▶ [Required work]:
Print the lines below from the line with "Foto de Venta" to the line with "Doniesienia o erotycznym" exactly, keeping both ends, and print no pictures.

▶ [Records provided]:
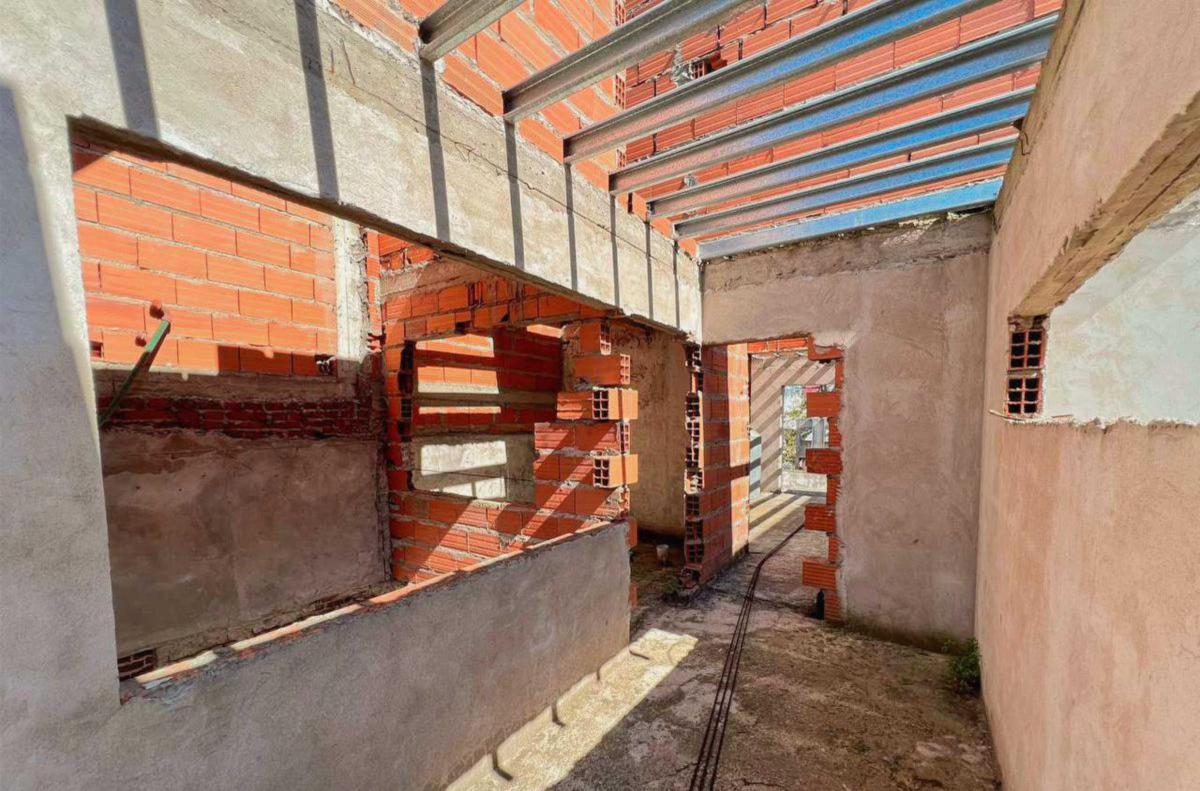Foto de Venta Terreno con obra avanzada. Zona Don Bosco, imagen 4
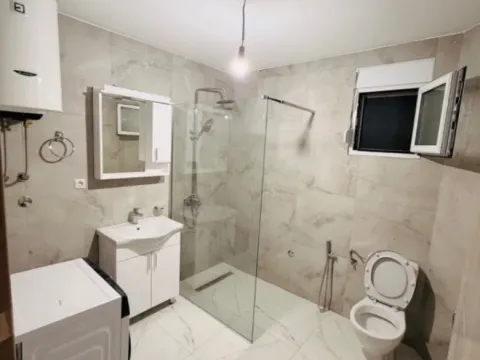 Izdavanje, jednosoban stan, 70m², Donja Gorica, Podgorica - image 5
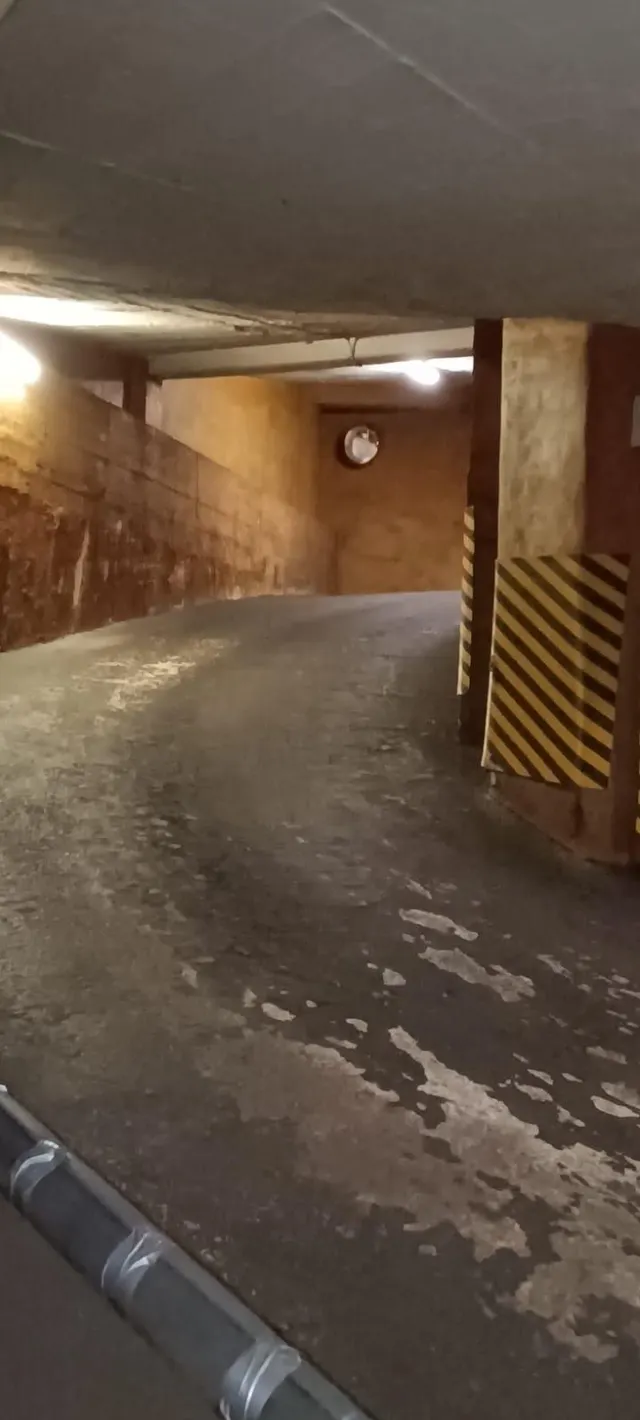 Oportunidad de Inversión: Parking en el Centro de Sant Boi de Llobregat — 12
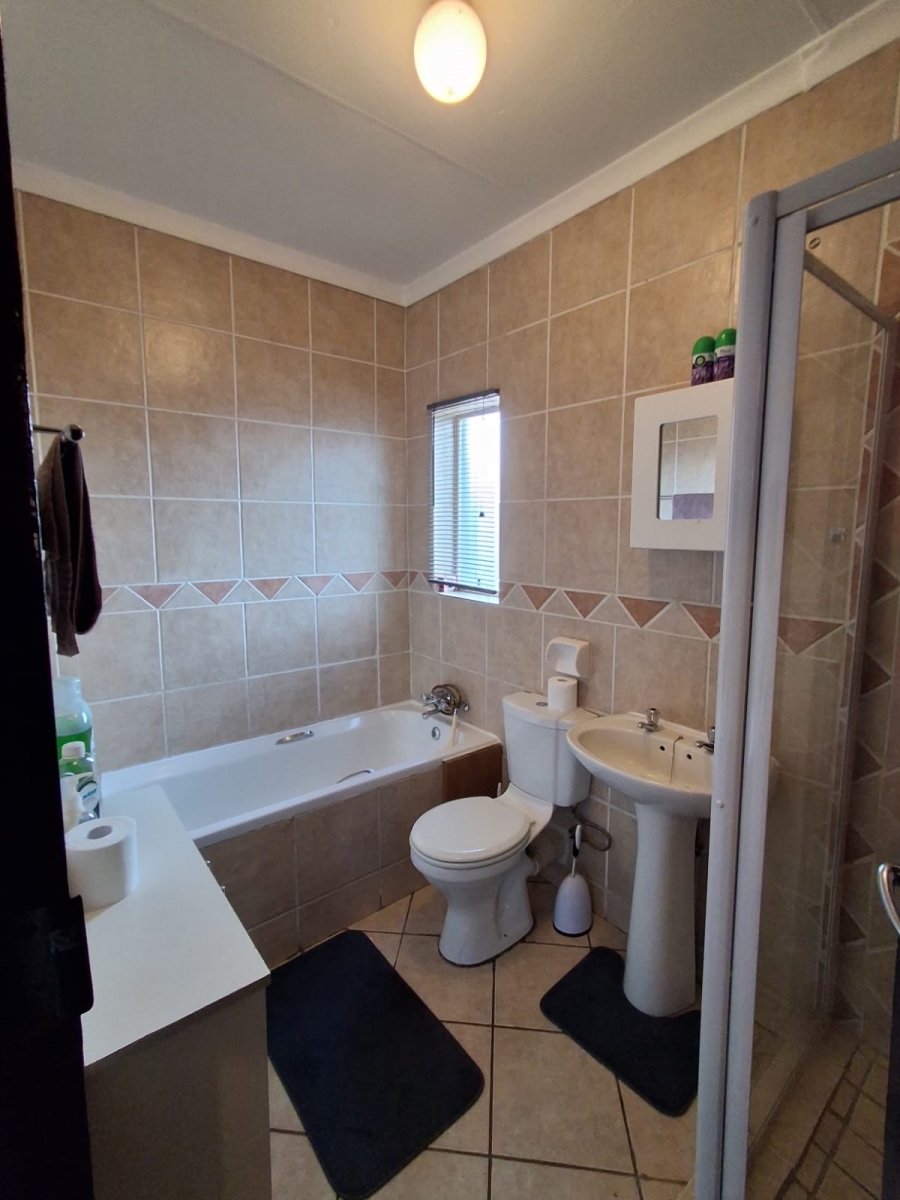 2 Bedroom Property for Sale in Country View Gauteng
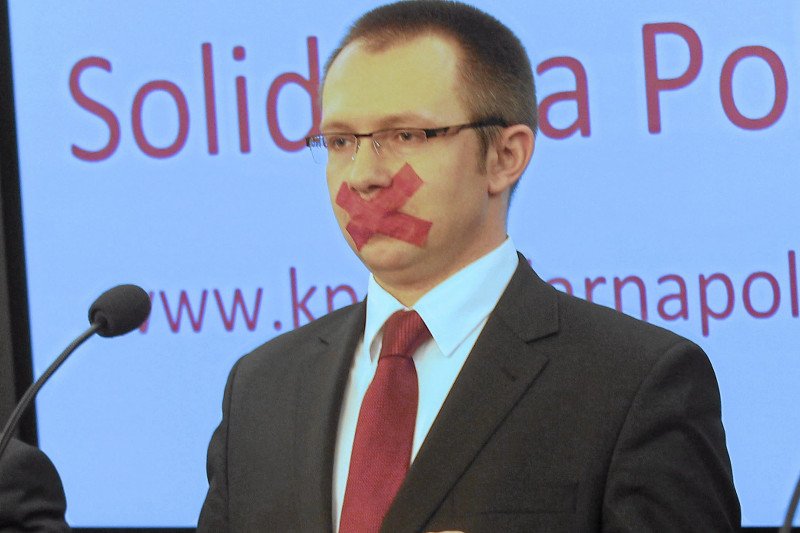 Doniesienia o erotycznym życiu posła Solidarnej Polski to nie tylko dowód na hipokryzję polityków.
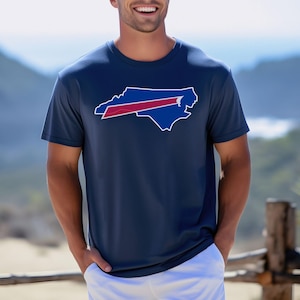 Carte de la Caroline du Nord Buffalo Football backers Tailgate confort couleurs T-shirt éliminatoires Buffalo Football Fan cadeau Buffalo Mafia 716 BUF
* * *
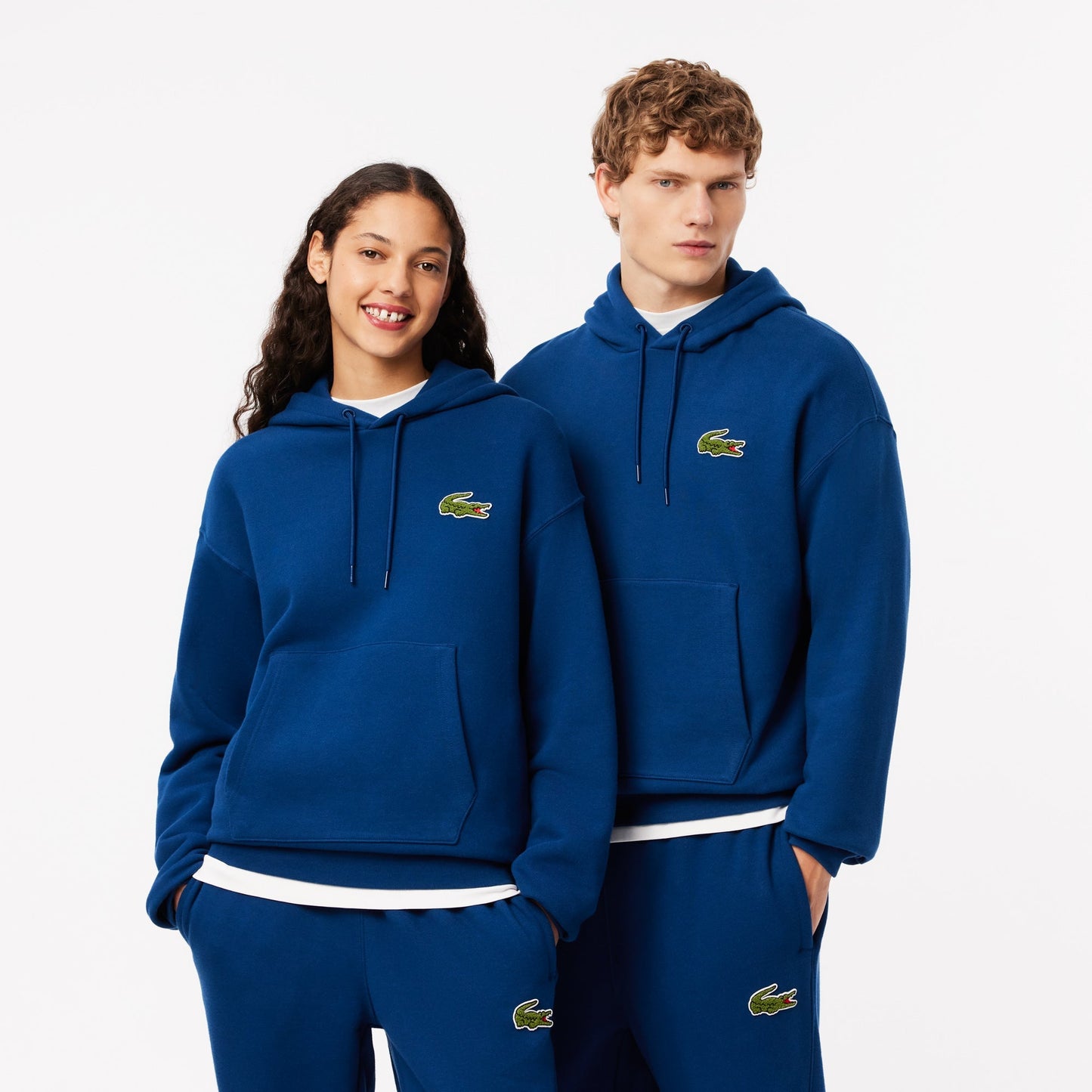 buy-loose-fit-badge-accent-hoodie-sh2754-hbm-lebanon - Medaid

▶ [Written response]:
Foto de Venta Terreno con obra avanzada. Zona Don Bosco, imagen 4
 Izdavanje, jednosoban stan, 70m², Donja Gorica, Podgorica - image 5
 Oportunidad de Inversión: Parking en el Centro de Sant Boi de Llobregat — 12
 2 Bedroom Property for Sale in Country View Gauteng
 Doniesienia o erotycznym życiu posła Solidarnej Polski to nie tylko dowód na hipokryzję polityków.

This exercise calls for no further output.